══ Raw data ══

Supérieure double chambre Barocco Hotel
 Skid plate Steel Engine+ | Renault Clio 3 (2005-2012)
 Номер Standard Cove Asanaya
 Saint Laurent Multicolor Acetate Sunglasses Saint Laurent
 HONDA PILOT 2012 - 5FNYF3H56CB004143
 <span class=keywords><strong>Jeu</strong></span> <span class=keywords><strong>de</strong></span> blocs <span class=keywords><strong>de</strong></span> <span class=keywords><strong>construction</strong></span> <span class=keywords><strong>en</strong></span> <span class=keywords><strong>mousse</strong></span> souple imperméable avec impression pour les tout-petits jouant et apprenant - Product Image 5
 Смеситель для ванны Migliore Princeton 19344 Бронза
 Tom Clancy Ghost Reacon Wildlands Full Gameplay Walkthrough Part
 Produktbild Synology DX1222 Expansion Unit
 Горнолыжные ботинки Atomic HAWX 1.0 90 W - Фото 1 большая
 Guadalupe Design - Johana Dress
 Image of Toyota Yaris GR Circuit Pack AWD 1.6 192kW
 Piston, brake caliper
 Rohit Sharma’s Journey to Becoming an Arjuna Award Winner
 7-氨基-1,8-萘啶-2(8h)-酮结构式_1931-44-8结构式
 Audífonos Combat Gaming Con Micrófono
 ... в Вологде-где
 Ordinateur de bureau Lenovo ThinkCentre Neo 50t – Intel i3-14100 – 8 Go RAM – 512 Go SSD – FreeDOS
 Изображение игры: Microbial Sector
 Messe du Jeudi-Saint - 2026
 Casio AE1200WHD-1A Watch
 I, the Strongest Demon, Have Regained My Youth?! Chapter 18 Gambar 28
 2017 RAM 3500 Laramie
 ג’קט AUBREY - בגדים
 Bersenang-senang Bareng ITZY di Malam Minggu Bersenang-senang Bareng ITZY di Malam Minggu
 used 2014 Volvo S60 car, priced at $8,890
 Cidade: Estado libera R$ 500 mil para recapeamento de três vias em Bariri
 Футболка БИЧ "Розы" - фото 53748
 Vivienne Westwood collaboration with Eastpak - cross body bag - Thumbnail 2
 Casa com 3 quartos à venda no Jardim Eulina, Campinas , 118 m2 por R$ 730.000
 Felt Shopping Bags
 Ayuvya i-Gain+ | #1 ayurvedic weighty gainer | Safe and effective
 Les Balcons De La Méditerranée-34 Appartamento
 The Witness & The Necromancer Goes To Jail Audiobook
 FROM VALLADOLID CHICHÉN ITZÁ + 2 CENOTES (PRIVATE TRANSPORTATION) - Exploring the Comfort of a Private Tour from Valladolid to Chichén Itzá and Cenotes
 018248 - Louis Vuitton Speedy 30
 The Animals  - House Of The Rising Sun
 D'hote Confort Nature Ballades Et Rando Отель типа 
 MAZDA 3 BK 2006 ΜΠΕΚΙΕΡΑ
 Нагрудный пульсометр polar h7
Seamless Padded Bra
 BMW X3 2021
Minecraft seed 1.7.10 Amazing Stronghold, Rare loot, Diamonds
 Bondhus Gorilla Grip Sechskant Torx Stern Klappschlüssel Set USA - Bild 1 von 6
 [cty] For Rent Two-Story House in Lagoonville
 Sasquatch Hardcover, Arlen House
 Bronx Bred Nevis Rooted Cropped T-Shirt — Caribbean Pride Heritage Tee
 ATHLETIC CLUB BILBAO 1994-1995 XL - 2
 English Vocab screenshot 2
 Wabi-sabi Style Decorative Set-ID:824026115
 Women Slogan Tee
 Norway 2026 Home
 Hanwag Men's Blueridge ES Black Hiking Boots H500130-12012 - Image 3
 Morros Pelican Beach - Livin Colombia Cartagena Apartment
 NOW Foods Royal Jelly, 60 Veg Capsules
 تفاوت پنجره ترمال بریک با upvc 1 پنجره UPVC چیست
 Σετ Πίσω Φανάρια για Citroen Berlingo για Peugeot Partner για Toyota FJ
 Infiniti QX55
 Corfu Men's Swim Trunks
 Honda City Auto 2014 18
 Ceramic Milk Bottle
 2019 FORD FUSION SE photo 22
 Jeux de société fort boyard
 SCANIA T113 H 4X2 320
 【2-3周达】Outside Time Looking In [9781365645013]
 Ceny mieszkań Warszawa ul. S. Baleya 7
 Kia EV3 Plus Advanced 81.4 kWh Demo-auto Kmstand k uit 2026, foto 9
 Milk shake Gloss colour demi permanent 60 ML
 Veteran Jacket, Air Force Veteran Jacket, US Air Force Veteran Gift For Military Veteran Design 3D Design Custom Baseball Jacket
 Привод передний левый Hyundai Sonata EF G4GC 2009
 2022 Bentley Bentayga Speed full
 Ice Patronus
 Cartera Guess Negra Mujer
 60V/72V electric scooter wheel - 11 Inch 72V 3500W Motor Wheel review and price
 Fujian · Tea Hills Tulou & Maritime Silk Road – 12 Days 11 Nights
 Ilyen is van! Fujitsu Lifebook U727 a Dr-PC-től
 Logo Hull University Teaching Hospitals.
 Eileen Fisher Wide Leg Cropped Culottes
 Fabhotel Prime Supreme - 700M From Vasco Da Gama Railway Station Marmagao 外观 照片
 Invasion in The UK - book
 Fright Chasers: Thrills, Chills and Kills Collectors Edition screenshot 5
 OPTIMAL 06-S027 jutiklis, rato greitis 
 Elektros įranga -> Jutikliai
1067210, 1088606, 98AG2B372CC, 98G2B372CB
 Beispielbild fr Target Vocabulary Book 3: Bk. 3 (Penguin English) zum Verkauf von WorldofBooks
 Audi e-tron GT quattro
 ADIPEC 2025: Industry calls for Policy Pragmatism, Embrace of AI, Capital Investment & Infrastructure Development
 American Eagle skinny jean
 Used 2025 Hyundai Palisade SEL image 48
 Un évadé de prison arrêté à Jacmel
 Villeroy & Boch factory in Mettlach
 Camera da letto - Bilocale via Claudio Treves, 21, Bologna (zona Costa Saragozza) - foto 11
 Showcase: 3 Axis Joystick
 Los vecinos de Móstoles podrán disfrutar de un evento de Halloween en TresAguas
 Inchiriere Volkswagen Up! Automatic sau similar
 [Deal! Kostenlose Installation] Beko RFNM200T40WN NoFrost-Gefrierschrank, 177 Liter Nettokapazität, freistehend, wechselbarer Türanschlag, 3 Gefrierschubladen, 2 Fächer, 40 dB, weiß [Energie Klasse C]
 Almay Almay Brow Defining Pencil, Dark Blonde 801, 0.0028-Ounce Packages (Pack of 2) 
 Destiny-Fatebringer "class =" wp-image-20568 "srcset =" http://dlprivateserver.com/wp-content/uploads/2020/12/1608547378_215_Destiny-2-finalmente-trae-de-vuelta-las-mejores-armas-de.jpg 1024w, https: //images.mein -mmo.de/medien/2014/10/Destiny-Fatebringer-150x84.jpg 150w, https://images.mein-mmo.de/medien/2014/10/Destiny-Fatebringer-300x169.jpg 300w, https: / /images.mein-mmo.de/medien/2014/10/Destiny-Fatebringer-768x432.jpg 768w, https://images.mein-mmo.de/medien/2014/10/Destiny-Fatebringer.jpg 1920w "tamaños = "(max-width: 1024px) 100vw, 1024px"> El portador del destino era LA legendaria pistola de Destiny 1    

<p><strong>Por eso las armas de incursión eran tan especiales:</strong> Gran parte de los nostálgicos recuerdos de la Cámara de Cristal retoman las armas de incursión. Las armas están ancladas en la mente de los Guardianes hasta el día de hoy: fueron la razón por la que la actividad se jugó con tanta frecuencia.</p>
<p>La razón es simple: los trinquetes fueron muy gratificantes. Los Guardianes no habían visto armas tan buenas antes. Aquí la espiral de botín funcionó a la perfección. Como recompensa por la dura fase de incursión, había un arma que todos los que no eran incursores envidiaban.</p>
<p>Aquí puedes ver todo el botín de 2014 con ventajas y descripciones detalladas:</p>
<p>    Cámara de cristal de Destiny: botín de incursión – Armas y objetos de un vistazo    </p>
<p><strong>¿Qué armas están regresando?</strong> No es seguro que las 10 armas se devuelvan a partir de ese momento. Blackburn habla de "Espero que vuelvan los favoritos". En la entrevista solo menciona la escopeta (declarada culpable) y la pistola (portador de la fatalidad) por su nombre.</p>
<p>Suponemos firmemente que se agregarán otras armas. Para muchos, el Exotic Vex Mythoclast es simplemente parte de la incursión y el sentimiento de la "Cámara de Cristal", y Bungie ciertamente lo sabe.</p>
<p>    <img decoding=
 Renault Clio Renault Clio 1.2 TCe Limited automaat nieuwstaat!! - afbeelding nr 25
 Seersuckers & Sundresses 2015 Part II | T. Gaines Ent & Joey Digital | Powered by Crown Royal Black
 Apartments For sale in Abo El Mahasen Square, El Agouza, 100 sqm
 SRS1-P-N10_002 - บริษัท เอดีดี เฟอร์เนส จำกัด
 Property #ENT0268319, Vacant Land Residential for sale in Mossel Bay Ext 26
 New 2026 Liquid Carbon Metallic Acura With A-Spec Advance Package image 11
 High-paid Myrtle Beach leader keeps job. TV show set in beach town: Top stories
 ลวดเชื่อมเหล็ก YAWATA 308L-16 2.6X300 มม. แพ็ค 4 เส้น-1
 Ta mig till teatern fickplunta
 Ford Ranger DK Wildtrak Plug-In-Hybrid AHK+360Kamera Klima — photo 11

═══

Work to complete
Take the stretch of lines above from the one containing "Смеситель для ванны" through the one containing "The Witness &" and repeat it exactly, adding no other line.

Response area
 Смеситель для ванны Migliore Princeton 19344 Бронза
 Tom Clancy Ghost Reacon Wildlands Full Gameplay Walkthrough Part
 Produktbild Synology DX1222 Expansion Unit
 Горнолыжные ботинки Atomic HAWX 1.0 90 W - Фото 1 большая
 Guadalupe Design - Johana Dress
 Image of Toyota Yaris GR Circuit Pack AWD 1.6 192kW
 Piston, brake caliper
 Rohit Sharma’s Journey to Becoming an Arjuna Award Winner
 7-氨基-1,8-萘啶-2(8h)-酮结构式_1931-44-8结构式
 Audífonos Combat Gaming Con Micrófono
 ... в Вологде-где
 Ordinateur de bureau Lenovo ThinkCentre Neo 50t – Intel i3-14100 – 8 Go RAM – 512 Go SSD – FreeDOS
 Изображение игры: Microbial Sector
 Messe du Jeudi-Saint - 2026
 Casio AE1200WHD-1A Watch
 I, the Strongest Demon, Have Regained My Youth?! Chapter 18 Gambar 28
 2017 RAM 3500 Laramie
 ג’קט AUBREY - בגדים
 Bersenang-senang Bareng ITZY di Malam Minggu Bersenang-senang Bareng ITZY di Malam Minggu
 used 2014 Volvo S60 car, priced at $8,890
 Cidade: Estado libera R$ 500 mil para recapeamento de três vias em Bariri
 Футболка БИЧ "Розы" - фото 53748
 Vivienne Westwood collaboration with Eastpak - cross body bag - Thumbnail 2
 Casa com 3 quartos à venda no Jardim Eulina, Campinas , 118 m2 por R$ 730.000
 Felt Shopping Bags
 Ayuvya i-Gain+ | #1 ayurvedic weighty gainer | Safe and effective
 Les Balcons De La Méditerranée-34 Appartamento
 The Witness & The Necromancer Goes To Jail Audiobook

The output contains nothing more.